Lupita Nyong’o and Joseph Quinn with Frodo in A Quiet Place: Day One.

Cat Tropes In Film

For decades, cats in movies were mostly used to briefly fulfill a few tropes:

Jump-scare cats: This is in horror films when cats leap out during a tense scene, startling nervous heroes and the audience, right before the killer makes his move. The trope might have originated with 1977’s Alien, where Jonesy brought his orange cat energy to several scenes in Ridley Scott’s horror masterpiece, and Sigourney Weaver became the original badass cat mom, risking her life to rescue Jonesy in the film’s climax (in the sequel, Aliens, writer-director James Cameron sidelined Jonesy with the line, “And you, you little shit-head, you’re staying here”).  

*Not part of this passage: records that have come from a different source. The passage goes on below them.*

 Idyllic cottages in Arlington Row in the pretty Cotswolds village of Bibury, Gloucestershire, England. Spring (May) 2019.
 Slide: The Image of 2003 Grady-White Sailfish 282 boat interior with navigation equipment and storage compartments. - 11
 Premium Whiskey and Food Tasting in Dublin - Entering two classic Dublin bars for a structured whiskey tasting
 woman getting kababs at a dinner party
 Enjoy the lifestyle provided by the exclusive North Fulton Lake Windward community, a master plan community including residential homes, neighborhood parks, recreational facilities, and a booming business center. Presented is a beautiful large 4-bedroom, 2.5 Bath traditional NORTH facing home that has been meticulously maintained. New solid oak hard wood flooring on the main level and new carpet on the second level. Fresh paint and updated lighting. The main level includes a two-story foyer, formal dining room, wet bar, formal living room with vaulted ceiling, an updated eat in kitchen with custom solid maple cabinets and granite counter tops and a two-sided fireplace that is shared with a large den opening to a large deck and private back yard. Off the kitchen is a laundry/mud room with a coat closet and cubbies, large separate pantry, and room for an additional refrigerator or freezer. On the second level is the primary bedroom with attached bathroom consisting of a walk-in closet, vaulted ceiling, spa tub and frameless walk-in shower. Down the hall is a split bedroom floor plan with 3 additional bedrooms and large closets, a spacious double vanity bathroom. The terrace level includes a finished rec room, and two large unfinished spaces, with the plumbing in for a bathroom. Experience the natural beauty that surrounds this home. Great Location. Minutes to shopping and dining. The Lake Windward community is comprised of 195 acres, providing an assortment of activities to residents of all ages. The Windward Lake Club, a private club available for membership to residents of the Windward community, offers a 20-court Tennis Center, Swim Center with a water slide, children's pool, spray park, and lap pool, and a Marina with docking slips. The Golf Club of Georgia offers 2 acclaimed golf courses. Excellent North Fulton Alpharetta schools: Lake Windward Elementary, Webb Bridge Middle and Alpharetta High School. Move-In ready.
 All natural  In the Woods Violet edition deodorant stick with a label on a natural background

Cats as singleton accessory: Pet cats often get briefly shown to convey somebody is living a solitary life (as if living solo with a cat is a bad thing). Audrey Hepburn in Breakfast at Tiffanys even spelled it out: “I’m like Cat here, a no-name slob. We belong to nobody, and nobody belongs to us.” In reality, cat owners are only 3 percent more likely to be single than dog owners, so this stereotype isn’t really true. The other part of this trope is that lonely cat owners tend to be female while dog owners are male — a stereotype that persists in film today (Would John Wick have worked as well with a cat? Discuss). There is a bit of statistical reality behind this — 64 percent of cat owners are female. But 60 percent of dog owners are also female. So one could say that pet owners overall are more likely to be female, and women are almost equally likely to be a cat owner as a dog owner. 

Demonic cats: These tend to be largest cat roles as they’re villains driving the action; an idea that goes back to the 16th century witch panic. Filmmakers also tend to be less skittish about killing off a cat than a dog (“Never kill the dog” is a screenwriting rule cliche, saying nothing about cats).